Financial services, in turn, are becoming a number-one focus for all kinds of companies, and fintech is destined to benefit various businesses. Access to fast, cheap and efficient services is fintechs’s primary objective but the path isn’t simple.  All the fintech startups, sooner or later, run into one major issue. Ultimately the necessity to integrate into the banking infrastructure remains unavoidable. Regulatory and structural considerations mean that fintech companies still depend on traditional banks for key functions. And it’s this infrastructure, a crucial part of any financial system, which is severely underdeveloped. 

For example, when sending a money transfer overseas,  the necessity to integrate SEPA and Swift transfers into your final product remains essential. Due to the complex processing requirements and the  long chain of intermediaries involved in the funds transferring process, delays are common with payments overseas taking an average of 5-10 days to arrive. 

But there is another way. A decentralised crypto-powered environment can completely bypass this chain, speeding up payments and reducing costs,  whilst minimising third party risks and providing  full transparency.  Determined to make cross-border money transfers immediate and universally accessible, Mercuryo enables using cryptocurrency to improve international and local remittances via a straightforward service that allows sending funds instantly. 

However, the banking sector doesn’t have to be left out entirely and the greatest threat to banks is stagnation, rather than the perceived threat of challenger technology. Whilst DeFi could indeed rival traditional banking, it also provides huge opportunity for innovation through collaboration. Fintech and crypto-powered products can be integrated into banking systems, bringing their services up to date. Mercuryo’s fintech crypto SAAS solution, for instance, works just like that. By leveraging the product, banks can enable customers to buy cryptocurrency using their fiat bank accounts. At the same time, the bank doesn’t need to hold any crypto as customers receive their coins via a third-party wallet. Mercuryo ensures custody of cryptocurrency and confirms the balance info with the bank. 

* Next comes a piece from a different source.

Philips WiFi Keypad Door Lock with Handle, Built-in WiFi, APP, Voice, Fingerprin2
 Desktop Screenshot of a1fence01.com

DeFi is already disrupting markets like lending, borrowing, trading, insurance, and many other financial services. Implementing crypto for cross border could provide stability for SMEs; reducing cost, providing more flexibility and traceability and improving the speed of their international payments and as more blockchain, crypto, and fintech projects start collaborating, the transformation will accelerate.  Safe data storage, fast and cheap cross-border transactions, advanced digital identity verification, and universally accessible banking services will soon become a new reality. Blockchain has the potential to improve a wide range of business processes and benefit any industry with alternative solutions that can blend into the current finance scene smoothly. 

Despite all the advantages that DeFi can bring, there are still some practical barriers to penetrating the mainstream. Since major banks are huge institutions with a lot of inertia, it will take quite some time for them to decide whether to adopt crypto and launch their digital asset solutions. Plus more regulation is needed to combat misgivings of risk and fraud. The space is crying out for more collaboration and providing solid education around the benefits will mean a huge leap forward for financial services.